Because Tory premised much of his objection to the loan program on his general wariness of the role of government, this would appear to be a pretty clear contradiction of his pledge.
But Tory, unsurprisingly, does not see it that way.
“If they’re people who need this help from us, then I would think that they would have the means to go and take out the loans themselves, which isn’t a matter of ideology – it’s simply a matter of practicality,” he said the next day in response to a question from NOW about how he reconciles his position with his earlier promise. “And so it wasn’t a matter of ideology. If you said to me, ‘Is it an ideological belief?’ I’d say no, it’s a practical belief that I don’t happen to believe that government does these things very well, generally speaking.”
Former councillor John Parker followed the debate on Twitter and upon its conclusion tweeted, “City council had a practical solution to the lead pipe problem right in its hands, and threw it out the window. Extraordinary.”
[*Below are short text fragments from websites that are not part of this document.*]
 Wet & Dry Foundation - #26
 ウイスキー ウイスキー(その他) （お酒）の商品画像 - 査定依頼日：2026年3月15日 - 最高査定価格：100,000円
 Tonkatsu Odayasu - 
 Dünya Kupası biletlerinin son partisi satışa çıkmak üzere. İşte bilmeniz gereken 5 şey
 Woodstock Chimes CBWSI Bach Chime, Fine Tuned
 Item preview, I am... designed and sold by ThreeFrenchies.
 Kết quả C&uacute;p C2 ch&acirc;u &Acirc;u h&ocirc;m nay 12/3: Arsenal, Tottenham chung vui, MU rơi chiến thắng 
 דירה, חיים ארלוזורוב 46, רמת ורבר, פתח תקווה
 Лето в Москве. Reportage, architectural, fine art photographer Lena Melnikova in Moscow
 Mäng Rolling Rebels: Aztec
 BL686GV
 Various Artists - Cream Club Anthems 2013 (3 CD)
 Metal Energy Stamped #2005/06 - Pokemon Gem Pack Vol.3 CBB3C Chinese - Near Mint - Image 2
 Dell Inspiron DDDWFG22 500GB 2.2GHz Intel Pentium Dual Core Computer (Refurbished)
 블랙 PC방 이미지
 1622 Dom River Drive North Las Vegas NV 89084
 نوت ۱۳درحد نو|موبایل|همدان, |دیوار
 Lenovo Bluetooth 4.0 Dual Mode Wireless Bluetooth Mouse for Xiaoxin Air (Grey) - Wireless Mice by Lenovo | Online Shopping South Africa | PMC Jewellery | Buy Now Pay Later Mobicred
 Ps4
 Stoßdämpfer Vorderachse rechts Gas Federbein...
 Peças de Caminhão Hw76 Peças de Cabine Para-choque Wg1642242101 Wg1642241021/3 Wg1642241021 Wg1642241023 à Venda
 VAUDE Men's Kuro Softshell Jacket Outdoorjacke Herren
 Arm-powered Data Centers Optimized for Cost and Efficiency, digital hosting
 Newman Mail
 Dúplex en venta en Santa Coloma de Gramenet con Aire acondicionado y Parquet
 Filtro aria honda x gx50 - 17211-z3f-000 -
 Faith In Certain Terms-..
Parker is an unabashed conservative who served as a backbench MPP in the provincial government of Mike Harris. But, especially toward the latter part of his 2006-14 tenure on council (and in the year after), his views on city issues often differed from those of other right-wingers.
“The more time I spent at City Hall, the more I developed the view that a modern big city is a living, breathing, interwoven mechanism, and we all have to accommodate the needs and interests of the people around us,” he says. “And we have to find the right way… to make everything work together effectively.”
He was “floored” when he found out council had voted against the loan program. “It wasn’t a matter of growing government,” Parker says. “It was a matter of using resources that are available to us in a responsible, cost-effective way to solve a problem that, in effect, we all share.
“I would’ve thought that’s what good conservative principles are all about.”